The Wiki is usually kept up to date, so it is a good place to look.

The original capacitors used in Toppy PSUs are not the best quality, but there is no evidence that they were ever 'dodgy' in any way. They are similar to the ones used in Humax PVRs, but because Humax fit a fan, their capacitors last much longer.

Fitting a fan is recommended for all Toppies, but particularly for 5810s. It doesn't need to run fast, so it can be very quiet. There are various threads about doing this in the Firmwares, enhancements and upgrades section.

If your Toppy is a number of years old, some its capacitors will probably be out of specification. It's not a matter of if they will fail, it's just when. A 5800 will be OK for up to 5 years provided it has good ventilation and is put into standby when not in use. A 5810 will not last so long and I've seen failures at 2 years; this is mainly due to fewer ventilation slots on the 5810. Higher temperatures lead to earlier PSU capacitor and HDD failure.

Early 5800 PSUs used brown Sam Young capacitors. If your Toppy's PSU still has these, they should be replaced as soon as possible.

On later models, different capacitor types were used. Although the black Samxon capacitors were slightly better, the green Samxon capacitors were, if anything, worse. These often dome when failing, unlike the brown or black ones which show no physical signs.

Replacement capacitors should be low ESR (impedance) 105C types from a reputable manufacturer. These should last significantly longer that the originals. The current recommendation is to replace all 18 capacitors in a 5800 PSU and 13 in a 5810 PSU. Kits for DIY repair are available from me (and MikeyP) at very reasonable prices, and are much better quality than the capacitors available from Maplin. If you prefer, both MikeyP and I offer a repair service too.

If you suspect that your PSU may be failing, and you have access to a meter, measuring the voltages on the PSU edge connector is the best way to confirm it. Be VERY careful when doing this, as the large heatsink is at about 400V and will give you a nasty shock if touched. The key voltage is 5V, as the PSU uses this for regulation.
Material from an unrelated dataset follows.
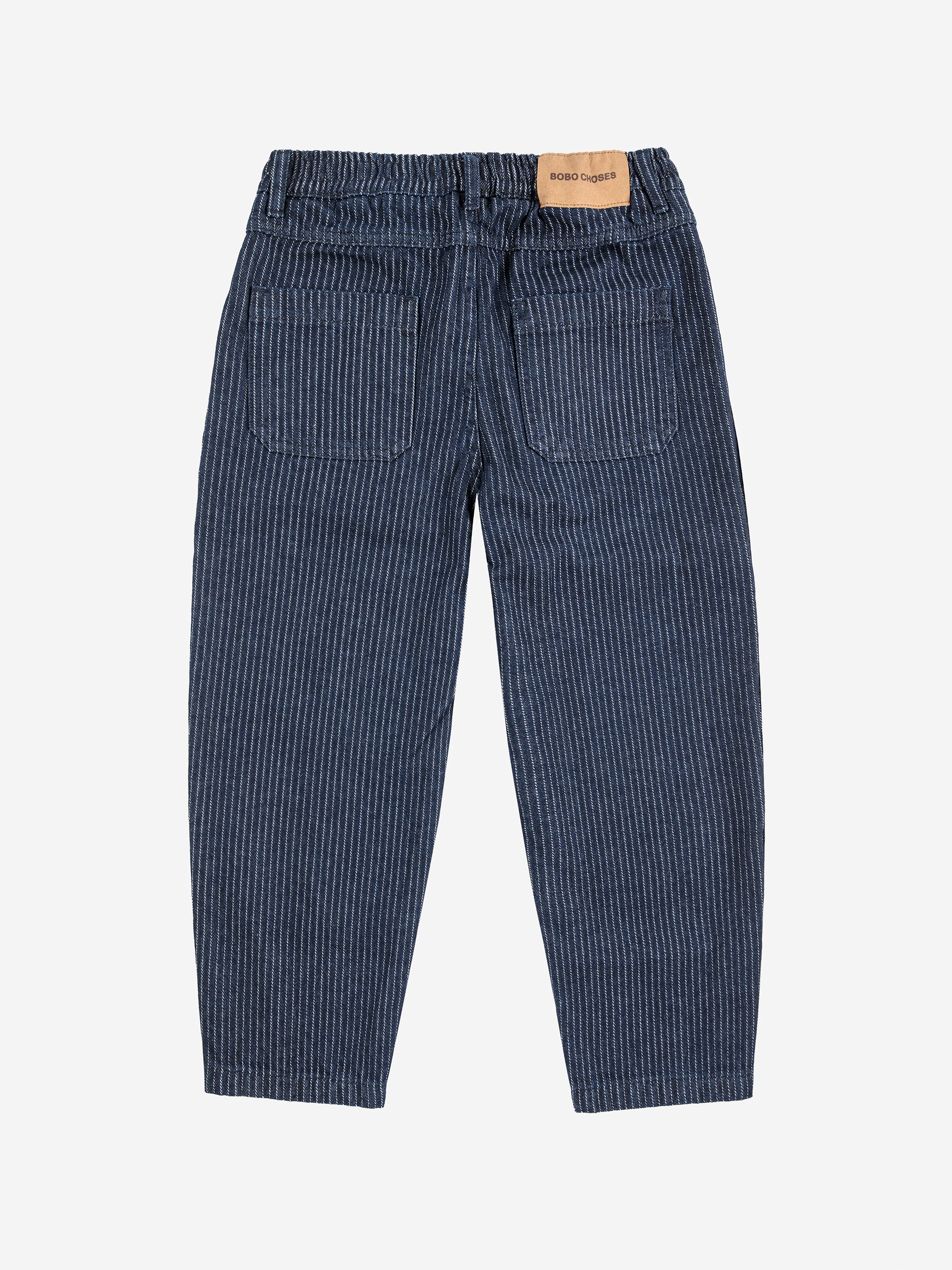 Tic Tac Toe Denim Pants by Bobo Choses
If the 5V goes slightly low (4.9V or less) other voltages rise significantly and can eventually cause damage to some mainboard components and/or HDD.

Here are nominal and typical values for a 5800 PSU (HDD running):
Code:

Marked     Measured
30V        30V - 31V
22V        24V - 25V (wrongly marked on PCB)
17V        16.5 - 17.1V
8V         7.4V - 7.6V
5V         5V
3.3V       3.3V (has its own regulator)
15V        15V - 15.6V

12V        12V - 12.8V


The readings for a 5810 PSU are similar, but it has no 24V or 15V outputs.

There is further information on my website including a list of known faults for 5800s and 5810s.

YouTube time-lapse PSU repair (5800 type)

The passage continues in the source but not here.